The best chest workout for size would be one with a ton of volume in the medium-heavy weight range. 6-12 reps is the range of reps which best work the Type 2B muscle fibers. These are your strength, size, and speed fibers and they are the ones that swell the most when they are loaded with glycogen. It’s this glycogen which makes them white. Hence the name white fibers.

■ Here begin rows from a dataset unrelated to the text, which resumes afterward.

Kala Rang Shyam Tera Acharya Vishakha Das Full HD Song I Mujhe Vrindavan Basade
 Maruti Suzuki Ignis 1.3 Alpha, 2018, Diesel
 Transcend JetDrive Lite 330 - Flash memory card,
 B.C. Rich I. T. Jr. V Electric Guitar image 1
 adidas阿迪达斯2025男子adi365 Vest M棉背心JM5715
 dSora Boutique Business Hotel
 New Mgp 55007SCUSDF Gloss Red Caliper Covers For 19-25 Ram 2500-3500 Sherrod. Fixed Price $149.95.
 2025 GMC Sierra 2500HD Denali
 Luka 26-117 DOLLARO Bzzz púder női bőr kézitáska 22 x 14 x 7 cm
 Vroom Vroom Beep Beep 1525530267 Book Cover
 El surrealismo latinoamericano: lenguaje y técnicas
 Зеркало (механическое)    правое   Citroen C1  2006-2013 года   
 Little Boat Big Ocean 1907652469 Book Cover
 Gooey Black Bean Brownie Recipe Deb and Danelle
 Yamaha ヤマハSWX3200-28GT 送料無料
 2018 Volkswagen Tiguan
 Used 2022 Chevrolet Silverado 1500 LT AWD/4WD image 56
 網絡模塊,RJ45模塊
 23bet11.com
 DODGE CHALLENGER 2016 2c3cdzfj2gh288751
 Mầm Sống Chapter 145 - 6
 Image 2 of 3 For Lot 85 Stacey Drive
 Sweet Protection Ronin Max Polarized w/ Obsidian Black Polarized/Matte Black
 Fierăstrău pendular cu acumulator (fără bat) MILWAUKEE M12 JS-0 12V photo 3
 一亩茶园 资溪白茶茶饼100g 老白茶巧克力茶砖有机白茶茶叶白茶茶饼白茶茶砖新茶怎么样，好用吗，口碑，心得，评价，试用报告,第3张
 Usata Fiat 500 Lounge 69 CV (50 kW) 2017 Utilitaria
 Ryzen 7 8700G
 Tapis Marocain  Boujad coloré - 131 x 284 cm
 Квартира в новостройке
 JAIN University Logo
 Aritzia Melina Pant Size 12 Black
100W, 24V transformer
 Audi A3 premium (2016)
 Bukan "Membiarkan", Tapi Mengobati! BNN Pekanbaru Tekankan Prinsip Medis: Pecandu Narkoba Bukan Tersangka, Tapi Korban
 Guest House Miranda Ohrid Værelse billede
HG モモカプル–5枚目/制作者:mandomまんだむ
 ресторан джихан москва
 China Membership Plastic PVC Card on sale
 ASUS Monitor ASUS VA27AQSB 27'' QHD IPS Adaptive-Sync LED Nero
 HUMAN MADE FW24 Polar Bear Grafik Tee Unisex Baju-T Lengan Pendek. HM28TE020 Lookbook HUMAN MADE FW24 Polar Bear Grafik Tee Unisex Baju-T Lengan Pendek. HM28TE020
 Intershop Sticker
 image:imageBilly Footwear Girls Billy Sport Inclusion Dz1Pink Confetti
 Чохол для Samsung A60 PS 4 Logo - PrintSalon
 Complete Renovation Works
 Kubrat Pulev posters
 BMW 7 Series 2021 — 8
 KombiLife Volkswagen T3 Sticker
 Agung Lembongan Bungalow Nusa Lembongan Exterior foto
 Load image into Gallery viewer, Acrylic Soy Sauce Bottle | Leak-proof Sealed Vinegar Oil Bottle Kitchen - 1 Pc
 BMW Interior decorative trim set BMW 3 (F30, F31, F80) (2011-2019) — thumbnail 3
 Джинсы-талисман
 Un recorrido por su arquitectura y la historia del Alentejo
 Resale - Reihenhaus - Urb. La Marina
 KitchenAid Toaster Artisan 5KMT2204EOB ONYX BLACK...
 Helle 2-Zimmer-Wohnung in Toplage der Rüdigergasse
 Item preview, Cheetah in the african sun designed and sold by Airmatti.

To swell white fibers we want to pump a ton of water in them. This causes the fascia that surrounds muscle to stretch allowing those muscles to get bigger. To force water into the fibers we need creatine, carbohydrates and amino acids. All of those are transported into the muscle cell by the Glut 4 transporter. This transporter can be increased with insulin (from ingesting carbs) or from a number of ingredients I put in the new mid workout drink Half Time. Half Time is designed to load glycogen into the muscle while you train without any insulin release. It works perfect with Wyked 2.1 pre workout which helps open the vessels to get as much nutrients to the muscles as possible and the use of T2 which signals the Type 2B fibers to swell as well. These 3 things together gives an unbelievable pump when coupled with this medium-heavy rep range of 6-12 reps.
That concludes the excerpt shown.